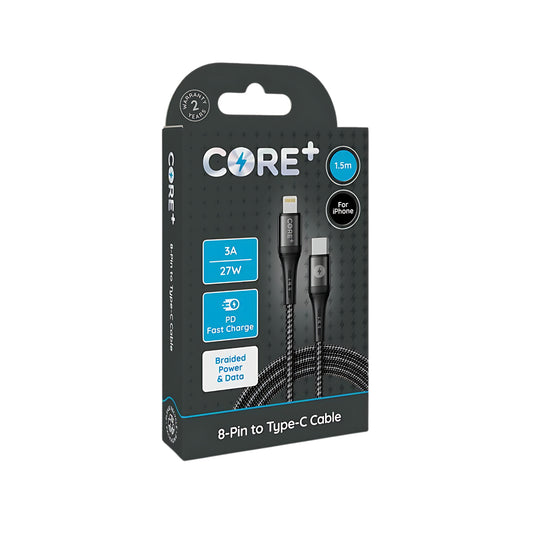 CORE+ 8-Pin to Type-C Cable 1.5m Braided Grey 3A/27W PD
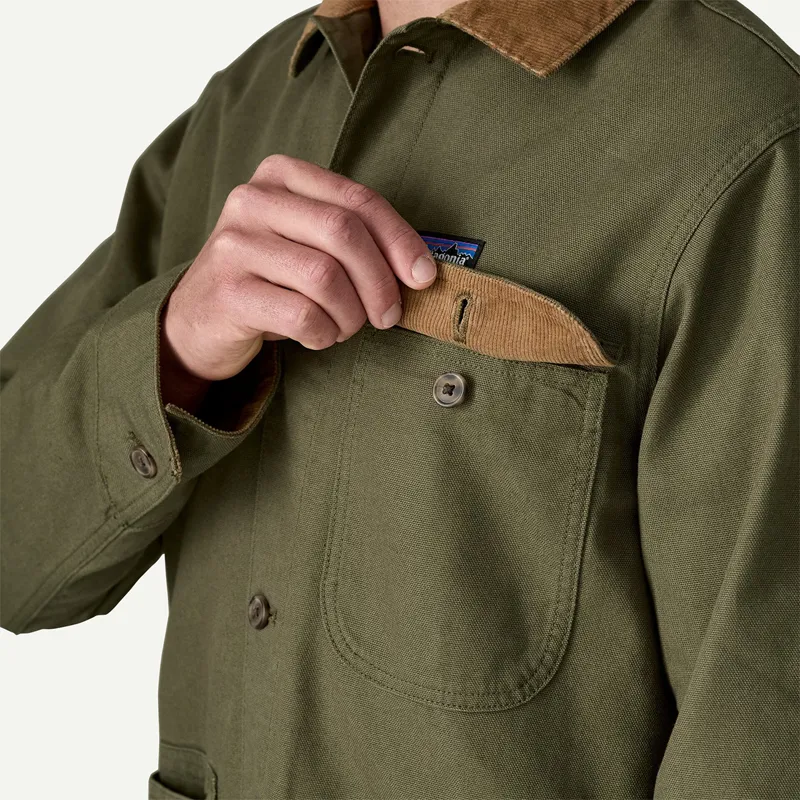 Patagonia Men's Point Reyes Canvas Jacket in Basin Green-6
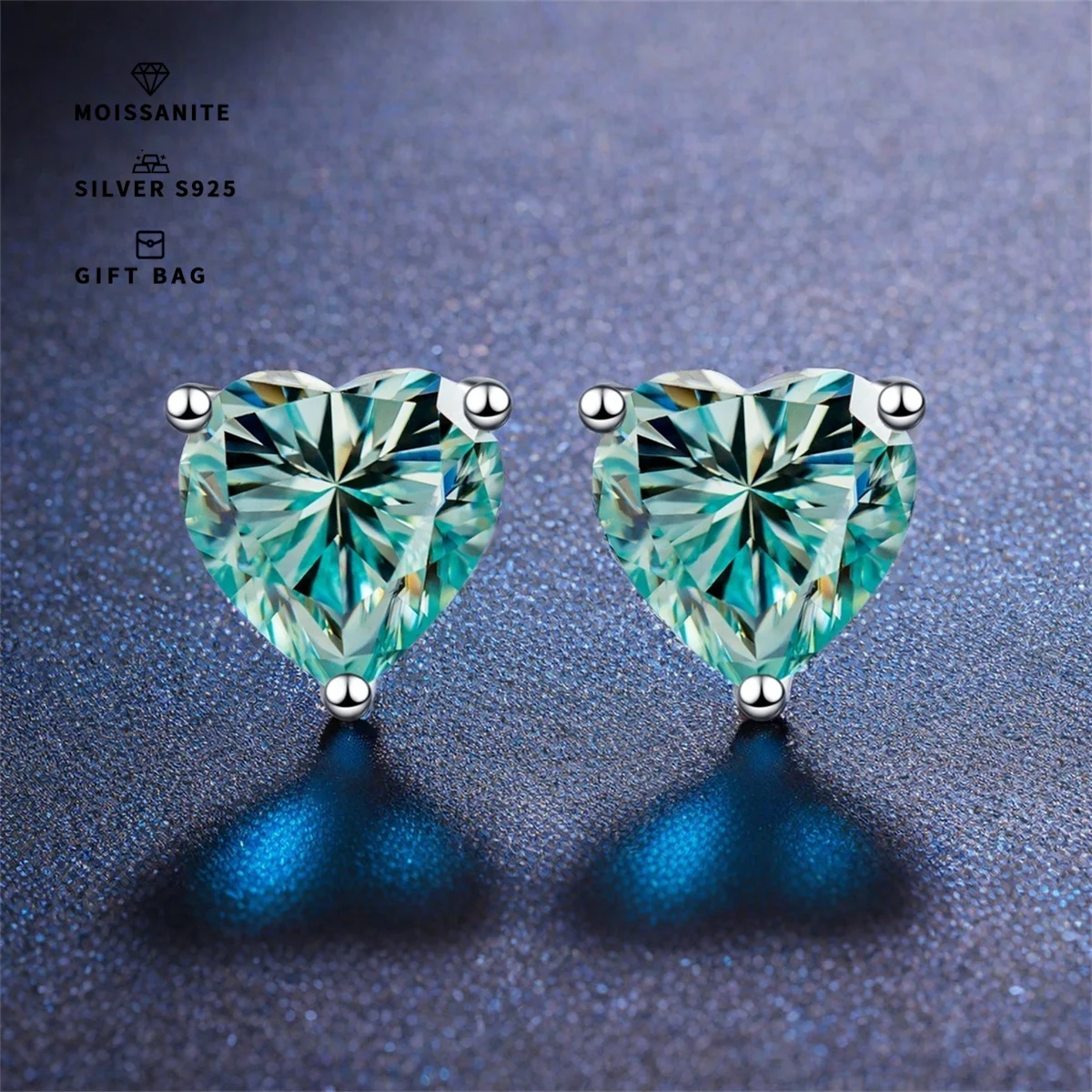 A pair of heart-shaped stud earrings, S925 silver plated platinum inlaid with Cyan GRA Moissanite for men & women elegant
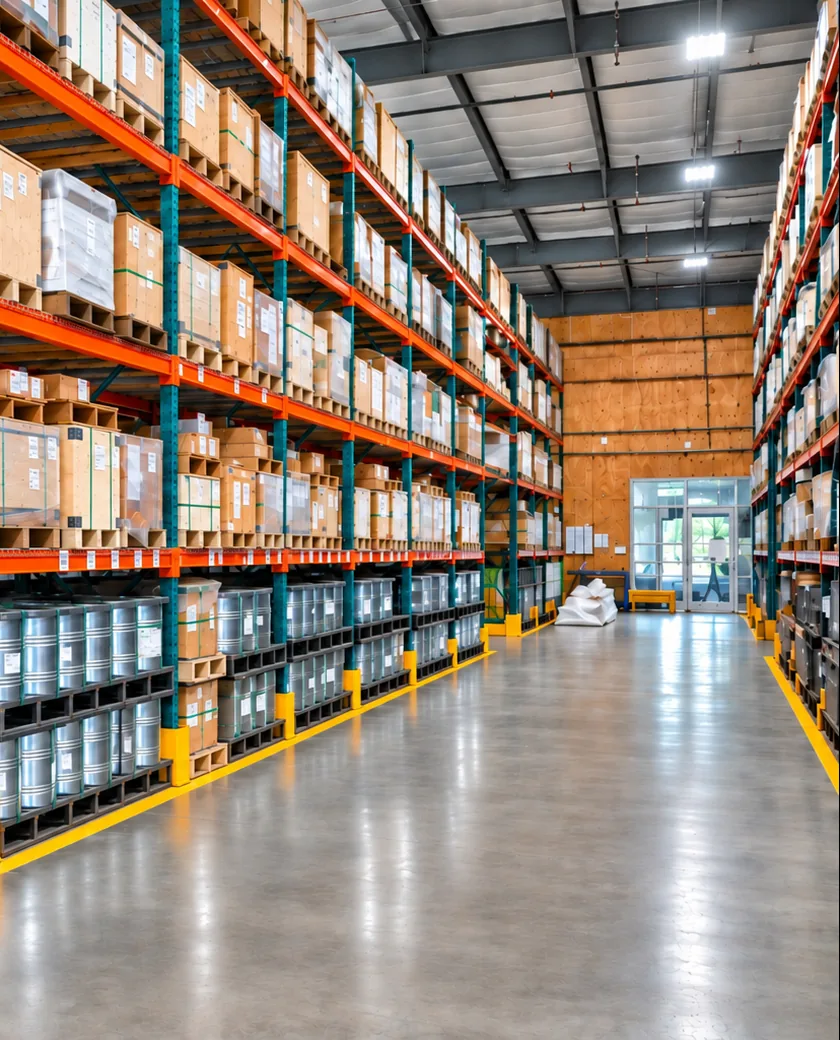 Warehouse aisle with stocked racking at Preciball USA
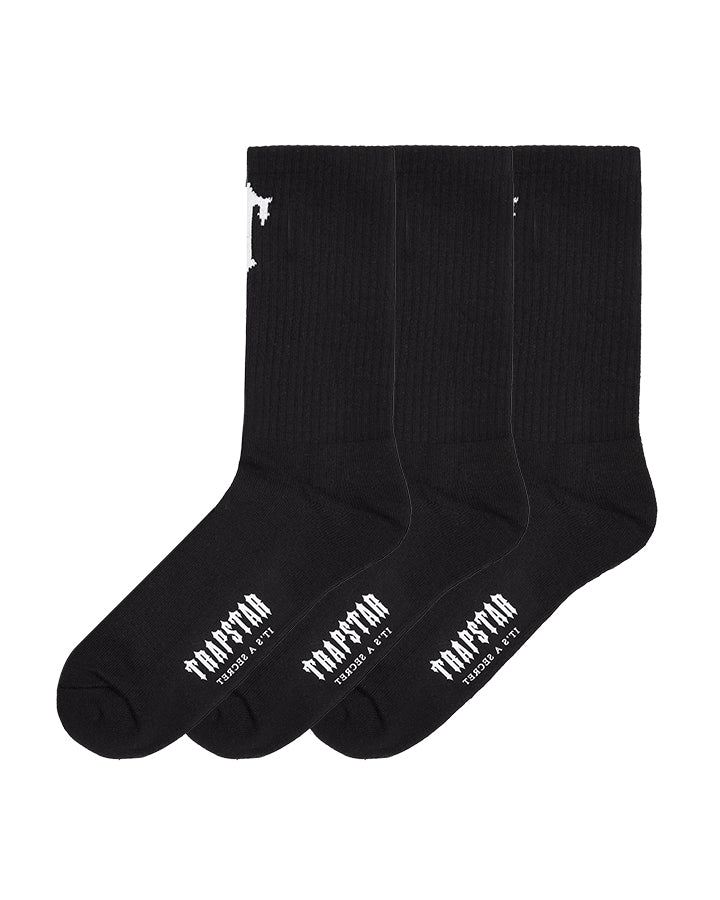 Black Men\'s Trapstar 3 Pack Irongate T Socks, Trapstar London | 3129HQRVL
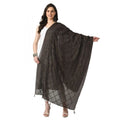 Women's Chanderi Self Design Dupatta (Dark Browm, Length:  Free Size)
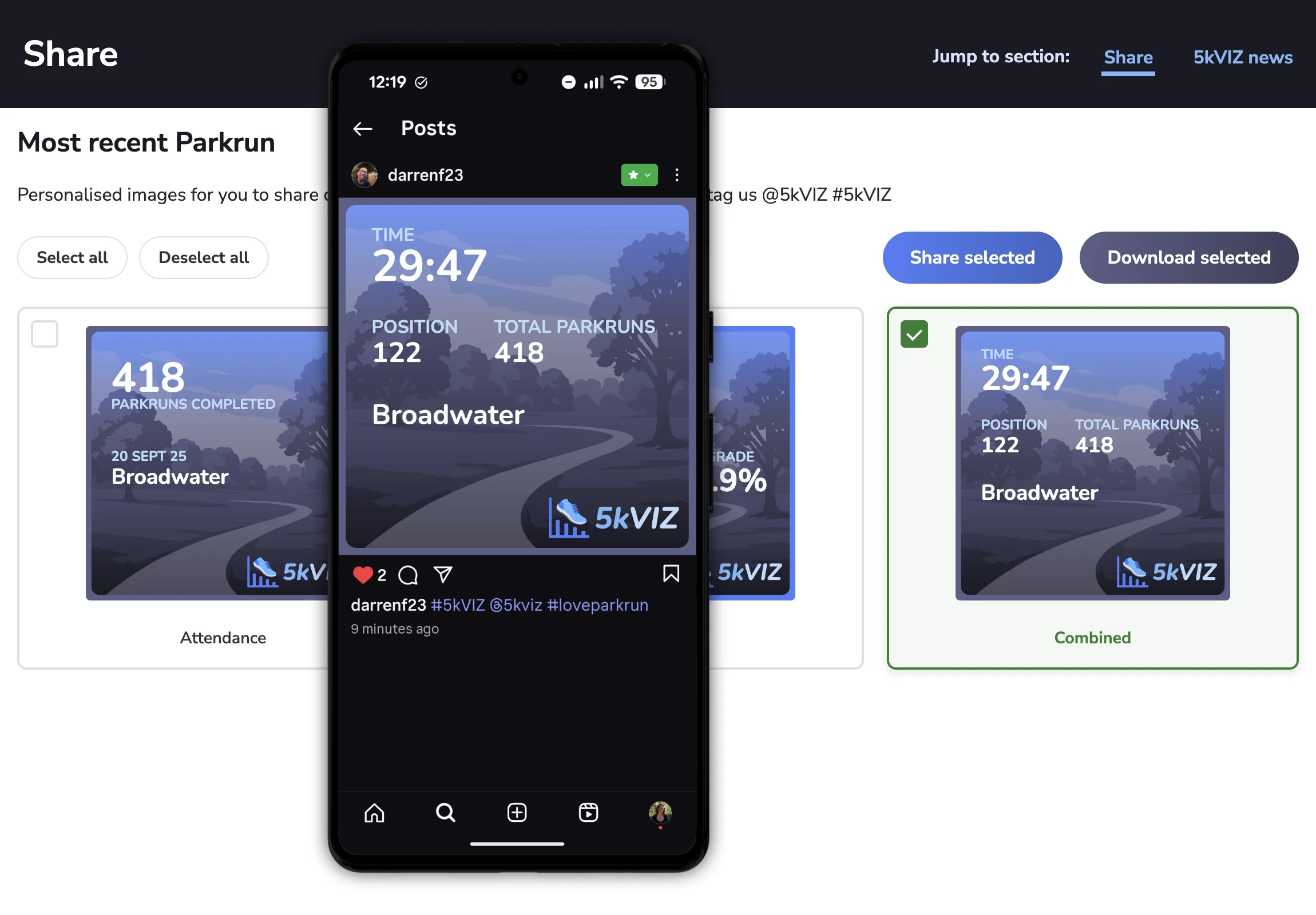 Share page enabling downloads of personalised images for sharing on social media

WHAT YOU SHOULD DO:
Pictures excluded, return exactly the lines from the one with "Black Men\'s Trapstar" through the final line of the entries above, both included.

ANSWER TO THE PROBLEM:
 Black Men\'s Trapstar 3 Pack Irongate T Socks, Trapstar London | 3129HQRVL
 Women's Chanderi Self Design Dupatta (Dark Browm, Length:  Free Size)
 Share page enabling downloads of personalised images for sharing on social media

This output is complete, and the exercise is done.